--- Exercise materials Enclosed Below ---
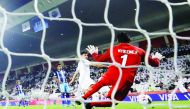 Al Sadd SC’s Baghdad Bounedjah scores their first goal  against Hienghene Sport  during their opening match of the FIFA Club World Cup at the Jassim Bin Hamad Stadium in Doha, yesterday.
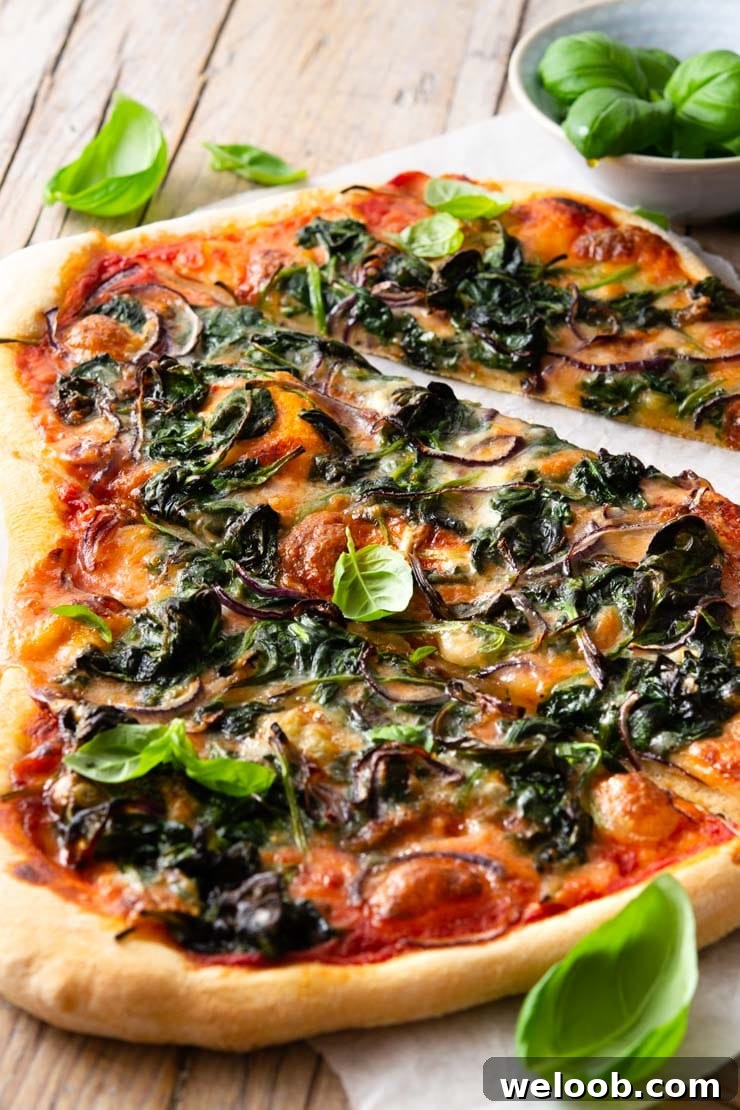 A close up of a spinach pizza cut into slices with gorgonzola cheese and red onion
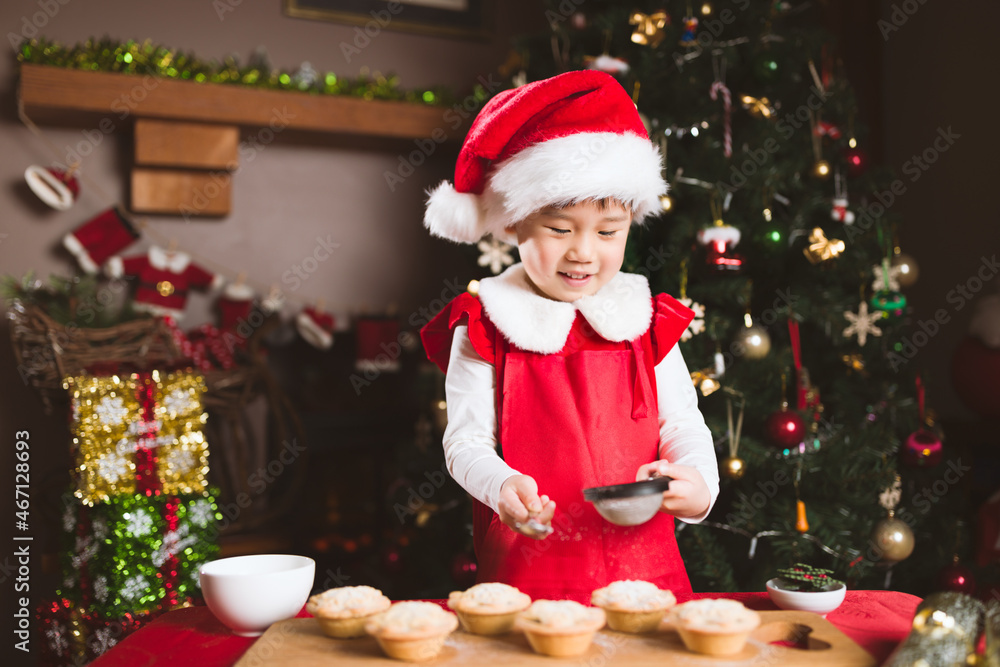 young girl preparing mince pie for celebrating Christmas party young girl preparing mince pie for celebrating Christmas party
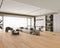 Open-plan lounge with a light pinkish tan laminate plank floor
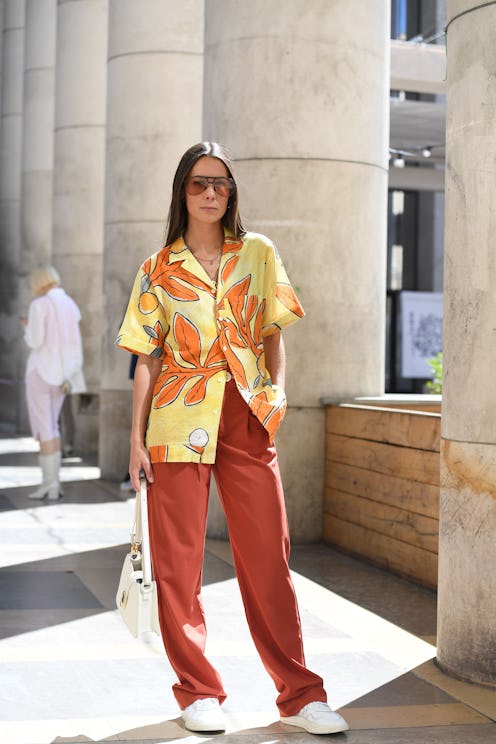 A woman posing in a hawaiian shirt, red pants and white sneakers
--- End of Enclosed Exercise materials ---
• [Exercise objective]:
Type out the data above again exactly as written, minus the images.

• [Solution]:
 Al Sadd SC’s Baghdad Bounedjah scores their first goal  against Hienghene Sport  during their opening match of the FIFA Club World Cup at the Jassim Bin Hamad Stadium in Doha, yesterday.
 A close up of a spinach pizza cut into slices with gorgonzola cheese and red onion
 young girl preparing mince pie for celebrating Christmas party young girl preparing mince pie for celebrating Christmas party
 Open-plan lounge with a light pinkish tan laminate plank floor
 A woman posing in a hawaiian shirt, red pants and white sneakers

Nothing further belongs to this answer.